Jimmy Santiago Baca
  - Poet, Memoirist & Novelist, Author of A Place to Stand


Review

C-Train and 13 Mexicans

" In C-Train and Thirteen Mexicans, (Baca) trains his hallmark lyrical intensity on the dark underbelly of addiction and takes us on an unforgettable guided tour of the darkest corners of a brutal, unjust world. C-Train is a heartstopping series of episodes from the life of Dream-boy, a young man who finds himself seduced, and later enslaved, by the siren song of cocaine. Part paean to the delicious power of intoxication, part lament for those helplessly under its power, C-Train is a ride its hero, and the reader, struggle to get off. In Thirteen Mexicans, Baca writes of the Chicano community and the gulf between the American dream and American reality.
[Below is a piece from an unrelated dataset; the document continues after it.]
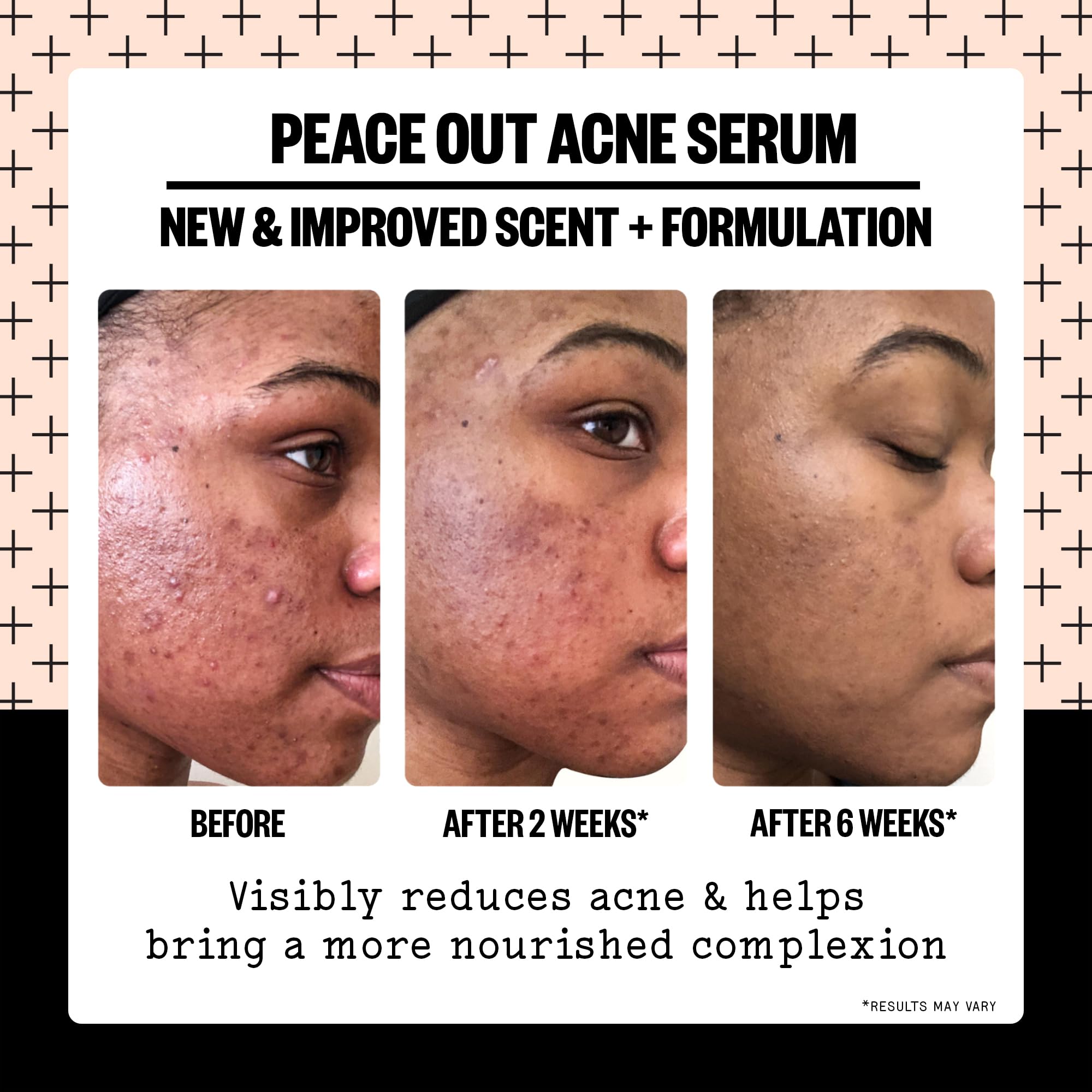 Peace Out Acne Serum swirls on skin showing lightweight, non-greasy hydration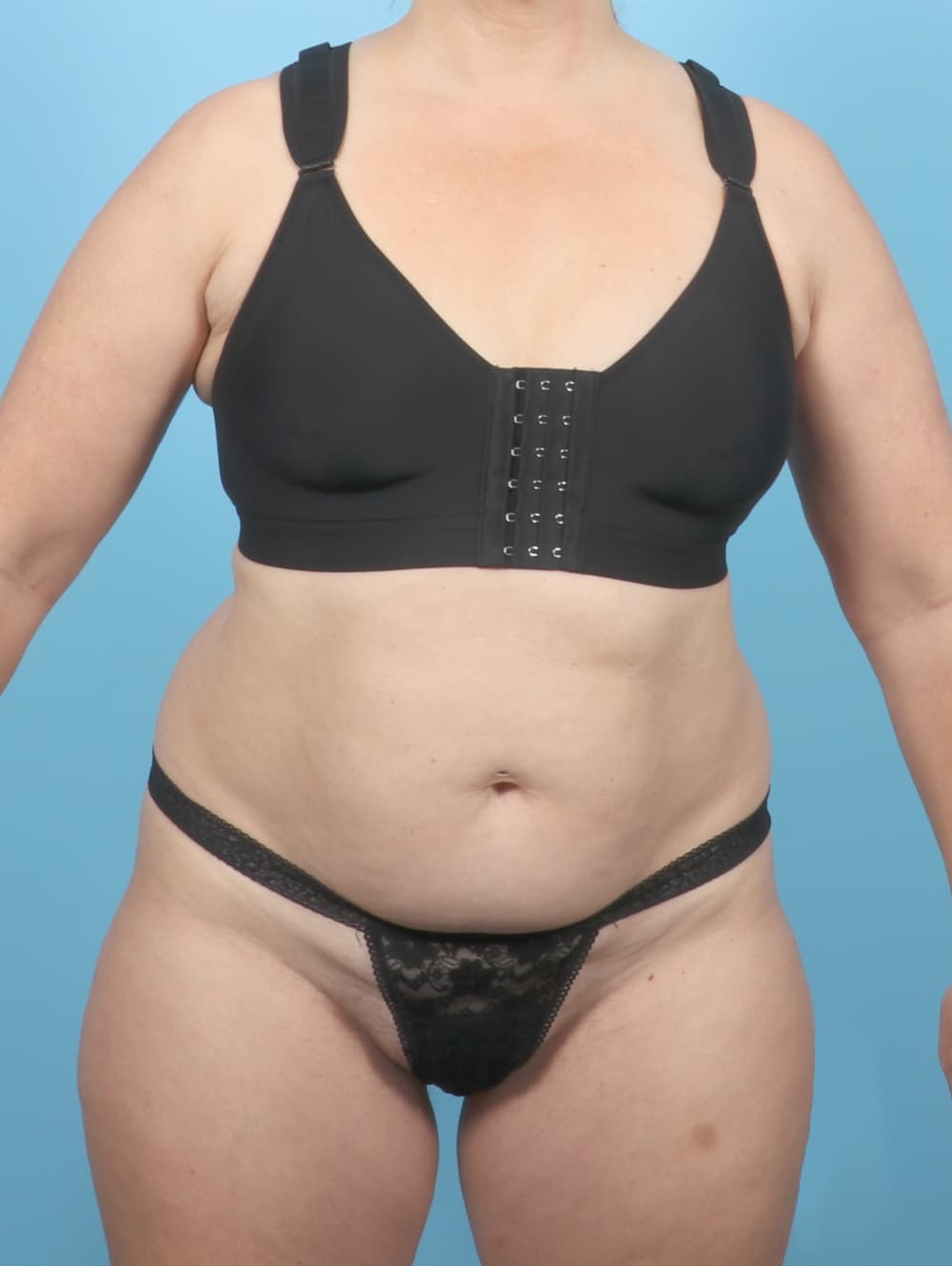 Tummy Tuck case #7265 before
In searing, elegiac vignettes he portrays the raw beauty of life in the barrio and the surreal, stomach-turning moment when people of color must confront how they are reflected in the distorted mirror of white society. Giving voice to the dispossessed and the disenfranchised, Baca illuminates the most unforgiving landscapes; yet his is a vision tempered by a searching hopefulness that brings these collections inching toward redemption. Baca's latest achievement will confirm his place as one of the nation's leading poets, a poet whose words 'heal, inspire, and elicit the earthly response of love' (Garrett Hongo).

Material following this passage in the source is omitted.